Perhaps you read the articles in the Tribune. (Click here!) The news was not quite so positive and upbeat as last year. UCSB Economic Forecaster, Bill Watkins, argued that SLO City had chosen to "get off the economic growth train" and, as a result, our economic growth pales in comparison to economic growth statewide and nationwide.

I thought his powerpont slide presentation told "the story" well. What's neat, is that Watkins posts his presentation online. Go and read the Watkin's perspective for yourself and then come back and share some thoughts.

2007 SLO City Economic Forecast


Kevin Heldt said...

Interesting how it was almost identical to the report for Goleta. The next 20 years should prove interesting for the Central Coast. (Some profound thoughts I know.)

Jeannett Gibson said...

I think there are a lot of factors Mr. Watkins is forgetting when he uses a variety of numbers/graphs, but doesn't ask the "whys". First of all, all of the slides discussing the number of housing units built in SLO vs. in other county cities is a silly one. I don't know how fair it is to compare a relatively fully developed urban city like SLO to Paso or even Morro Bay. SLO City is much smaller and has much less room for infill development than the other cities in the county. Part of the reason that housing isn't being built is because, short of annexing additional land (much of which has already been purchased and deeded as permanent open space) there isn't anywhere within existing city limits TO build. (By the way, annexing land for housing is ALWAYS far more costly to cities. The 1% property tax they get comes nowhere near the cost of police, fire, sewer, water, parks, etc.). Besides, good planning dictates that the further from a city center, the less dense housing should be (w/ density concentrated in the center). So, that wouldn't really solve any of the housing problems anyway. Another reason for the decline in housing units being built is simply the increased cost of well, everything. Dry wall has gone up 3xs in the last year, lumber 4xs. Bldg. permits for housing have gone down all across CA, not just SLO.

The issue of there being no tradable goods: where within city limits, is SLO supposed to be farming? Remember, we are talking City Limits, not just what you might think is SLO city. Land is so valuable right now, and basic supply/demand is dictating that. Sure a lot of SLO residents are retirees with no kids, but that's true of a lot of other bustling cities (think Carmel, the entire Santa Ynez Valley). Creating more workforce housing is a noble idea, but doesn't typically play out well in real life. People *know* which neighborhoods they are, and they become known as such, and subsequently (with enough time) become dilapidated. The "projects" in NY started as a great idea for lower income folks to have a place to live. Sadly, we all know the outcome on that one. (I know that's probably an extreme example, but it's true. NY thought they would be solving the poverty/homeless problem in one giant swoop...read about the projects, it's fascinating).
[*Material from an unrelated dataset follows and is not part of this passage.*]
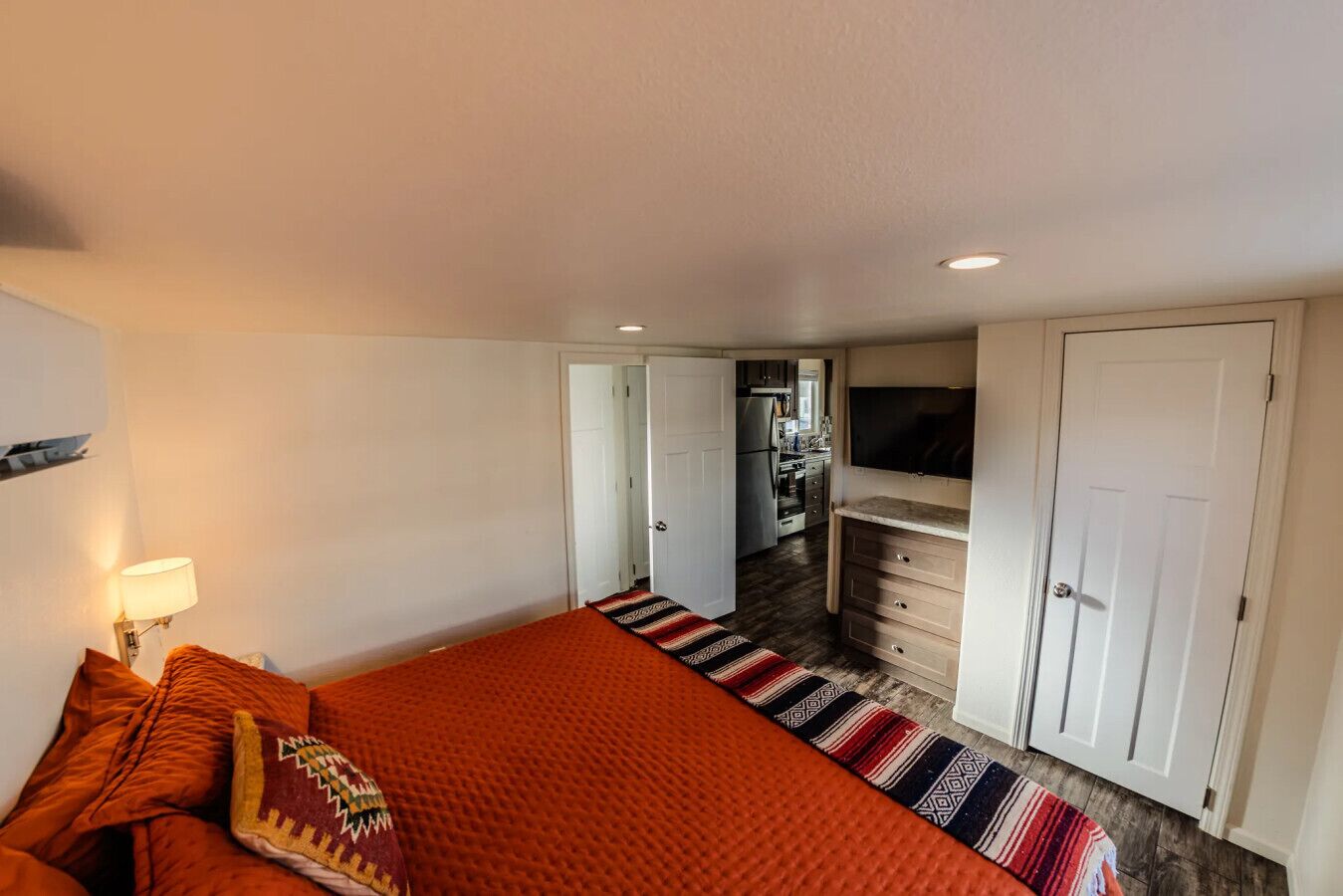 2 habitaciones, escritorio, cuna de viaje y wifi gratis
I don't mean to say that everything is perfect in SLO City. They do tend to be pretty parochial in their views and land use practices, but in some ways, they are constrained by simple geography and the free market. Just think we should all be careful whenever we see statistics to ask more questions. Just my 2 cents.

Wow, that was long.

Andy Gibson said...

Wow. Geez wife.

I'll agree with this: "I don't mean to say that everything is perfect in SLO City. They do tend to be pretty parochial in their views and land use practices...."
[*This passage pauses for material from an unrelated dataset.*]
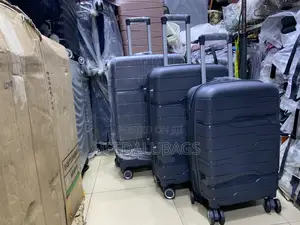 Unbreakable Gray Colour Travel Luggage Set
I wasn't going to post and stir the pot, but I think this is more than 50% the cause of why SLO got off the train. Unfortunately, because of that feeling, I'd prefer to live in Five Cities vs. SLO if we're given the opportunity to live further north than wonderful (read:sarcasm) Santa Maria. I love SLO still, but wouldn't prefer to live there. Ok, I said it, now fire back with some living in SLO positives. I'd like to hear it, as I have obviously been discouraged by the way SLO has handled itself in recent years regarding development, etc.